## Apache Spark (MLlib) -  Extracting Text Features for TF-IDF


<div class="alert alert-block alert-info" style="margin-top: 20px">**Data source:** The Notebooks of Leonardo Da Vinci — Complete by da Vinci Leonardo for a tutorial example. Datasource@ http://www.gutenberg.org/ebooks/5000/. Reference: Pyspark ML : https://spark.apache.org/docs/2.1.0</div>



##### by John Ryan 1/05/2017


__Overview__


The data set provides many categorical and continous variables that allow for the opportunity to implement Machine Learning models to accurately predict future purchasing habits of customers.

Question 1: How do we build a Resilient Distributed Data Set from text

Question 2: How do we build a Term frequency-inverse document frequency (TF-IDF) from text

### Apache Spark: Building Relisient Distributed Datasets (RDDs) with text in pyspark


** 1. Getting Started**

This tutorial brings you trough the most import fundamentals of running spark programmes.
When begining every pyspark session the following process is required:

- Import and create RDDs from external data sources.

- Transform - develop new RDDs using transformations such as filter().

- persist - possible RDDs that will need further use later need to be persisted a.

- Actions - Initiate parellel computation executed by Spark using take(), count() etc..

#### Import: and create RDDs

In [1]:
from pyspark.sql import SparkSession

# @hidden_cell
# This function is used to setup the access of Spark to your Object Storage.

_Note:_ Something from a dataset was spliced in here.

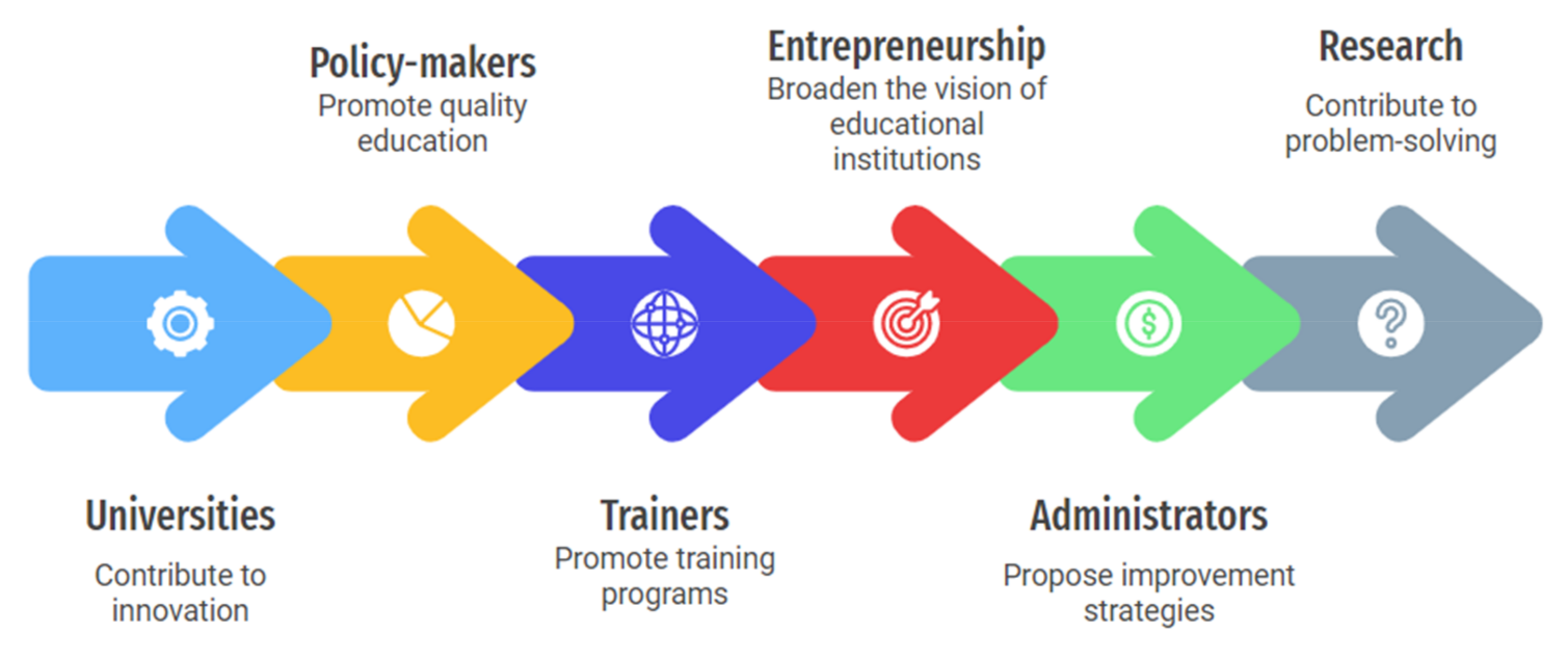 Futureinternet 13 00091 g007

The definition contains your credentials.
# You might want to remove those credentials before you share your notebook.
def set_hadoop_config_with_credentials_xxxxxxxxxxxxxxxx(name):
    """This function sets the Hadoop configuration so it is possible to
    access data from Bluemix Object Storage using Spark"""

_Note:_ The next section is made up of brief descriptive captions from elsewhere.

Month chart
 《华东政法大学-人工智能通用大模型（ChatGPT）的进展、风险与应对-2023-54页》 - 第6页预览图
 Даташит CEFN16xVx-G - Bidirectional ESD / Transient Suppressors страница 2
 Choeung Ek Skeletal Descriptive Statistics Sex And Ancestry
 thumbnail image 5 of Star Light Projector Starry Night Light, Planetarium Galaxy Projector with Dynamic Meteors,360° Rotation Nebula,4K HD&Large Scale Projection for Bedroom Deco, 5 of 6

    prefix = 'fs.swift.service.' + name
    hconf = sc._jsc.hadoopConfiguration()
    hconf.set(prefix + '.auth.url', 'https://identity.open.softlayer.com'+'/xx/auth/tokens')
    hconf.set(prefix + '.auth.endpoint.prefix', 'endpoints')
    hconf.set(prefix + '.tenant', 'xxxxxxxxxxxxxxxxxxx')
    hconf.set(prefix + '.username', 'xxxxxxxxxxxxxxxxxxx')
    hconf.set(prefix + '.password', 'xxxxxxxxx')
    hconf.setInt(prefix + '.http.port', xxxx)
    hconf.set(prefix + '.region', 'xxxx')
    hconf.setBoolean(prefix + '.public', False)

# you can choose any name
name = 'keystone'
set_hadoop_config_with_credentials_xxxxxxxxxxxxxxxxxxx(name)

spark = SparkSession.builder.getOrCreate()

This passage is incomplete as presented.